[[ Data under study open ]]

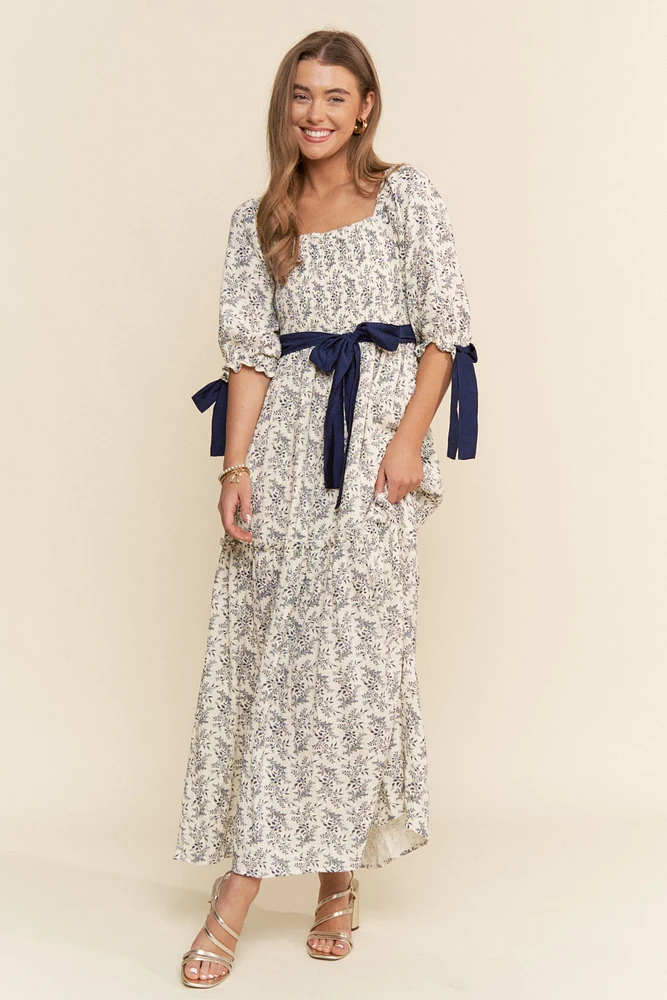 Floral Ribbon Smocked Maxi Dress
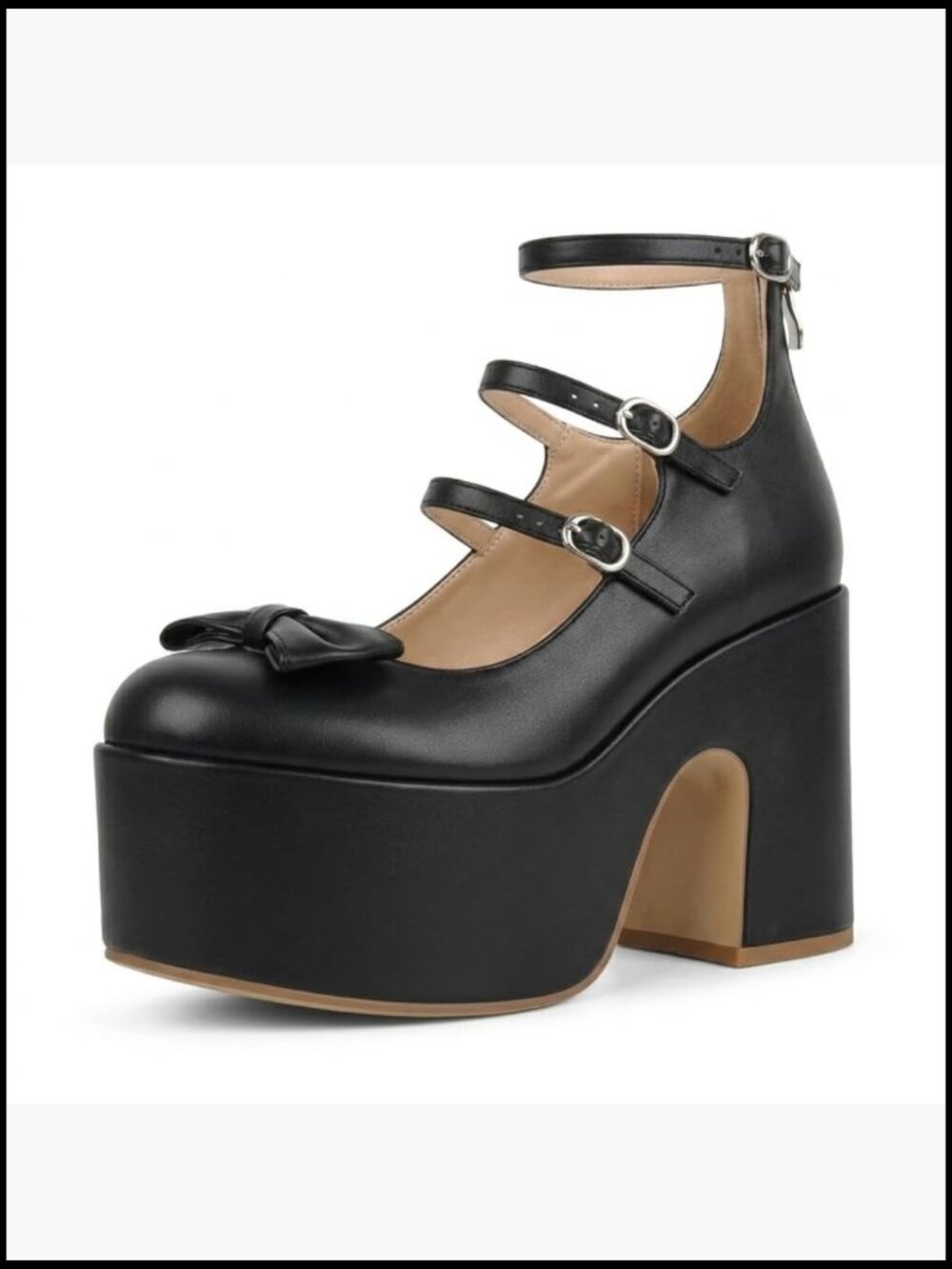 Mary Jane Platform Heels Chunky Block Heel Plaid Fabric Pumps Bow Ankle Strap - Picture 5 of 7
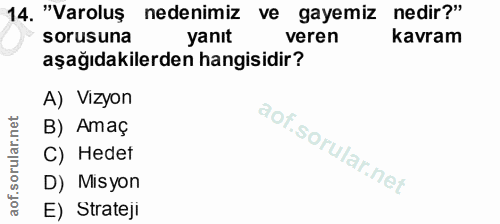 14. soru: "Varoluş nedenimiz ve gayemiz nedir?" sorusuna yanıt veren kavram aşağıdakilerden hangisidir? A) Vizyon B) Amaç C) He…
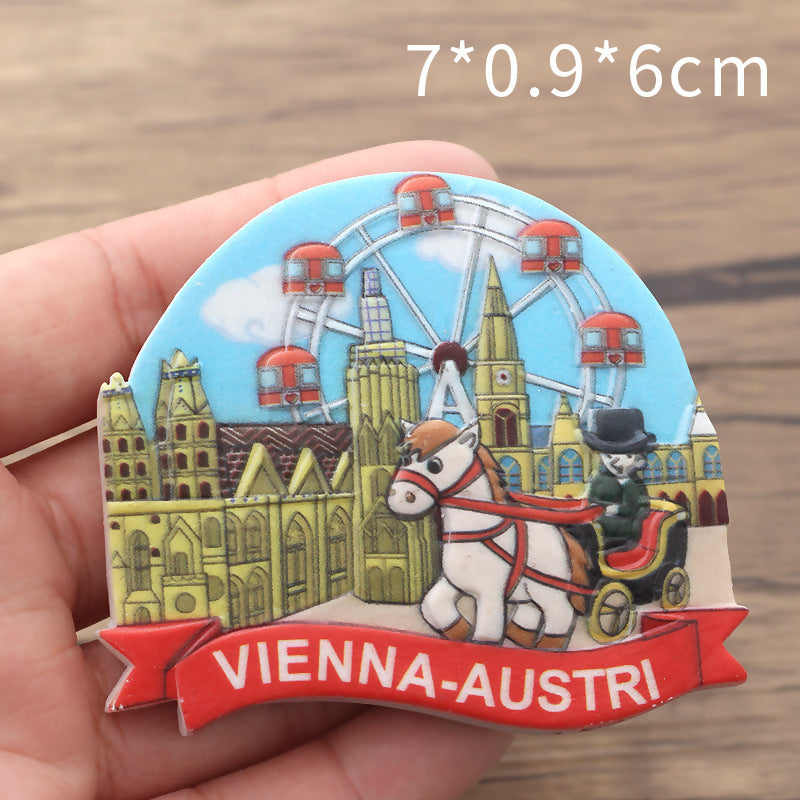 Austrian tourism cultural souvenir resin refrigerator sticker 3D scenic spot city magnetic crafts customization
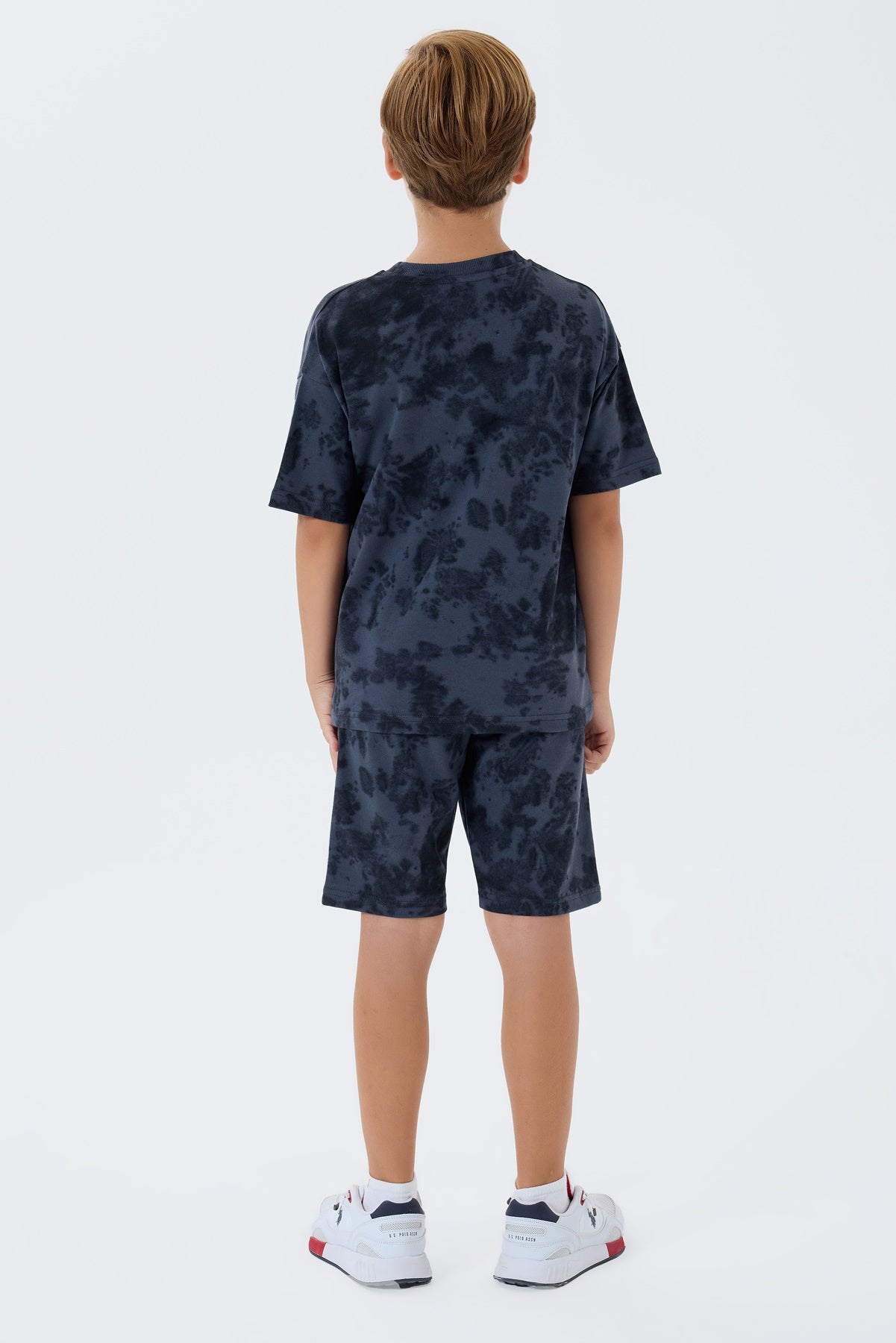 Set 2 Piese Băieți - Tricou Oversize Și Pantaloni Scurți Gri Antracit Cu Print Logo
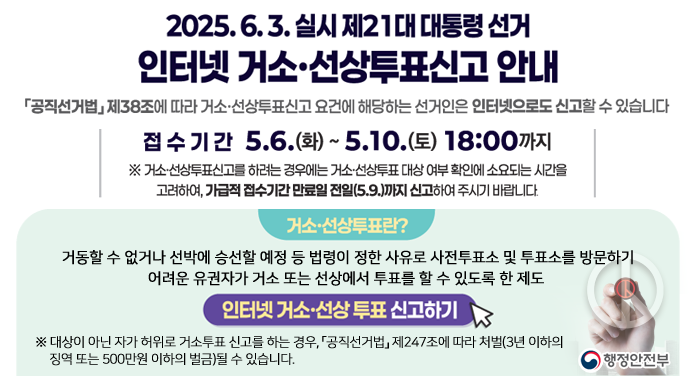 2025. 6. 3. 실시 제21대 대통령 선거 인터넷 거소·선상투표신고 안내「공직선거법」제 38조에 따라 거소·선상투표신고 요건에 해당하는 선거인은 인터넷으로도 신고할 수 있습니다.접수기간 5. 6.(화) ~ 5. 10.(토) 18:00까지※ 거소·선상투표신고를 하려는 경우에는 거소·선상투표 대상 여부 확인에 소요되는 시간을 고려하여, 가급적 접수기간 만료일 전일(5.9.)까지 신고하여 주시기 바랍니다.거소·선상투표란?거동할 수 없거나 선박에 승선할 예정 등 법령이 정한 사유로 사전투표소 및 투표소를 방문하기 어려운 유권자가 거소 또는 선상에서 투표를 할 수 있도록 한 제도인터넷 거소·선상 투표 신고하기※ 대상이 아닌 자가 허위로 거소투표를 신고하는 경우, 「공직선거법」제247조에 따라 처벌(3년 이하의 징역 또는 500만원 이하의 벌금) 될 수 있습니다.행정안전부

[[ Data under study closed ]]

Task instructions
What to print is the stretch of entries from the line with "Austrian tourism cultural" up to and including the line with "Set 2 Piese". Please print it exactly and leave out the pictures.

Response to this exercise
 Austrian tourism cultural souvenir resin refrigerator sticker 3D scenic spot city magnetic crafts customization
 Set 2 Piese Băieți - Tricou Oversize Și Pantaloni Scurți Gri Antracit Cu Print Logo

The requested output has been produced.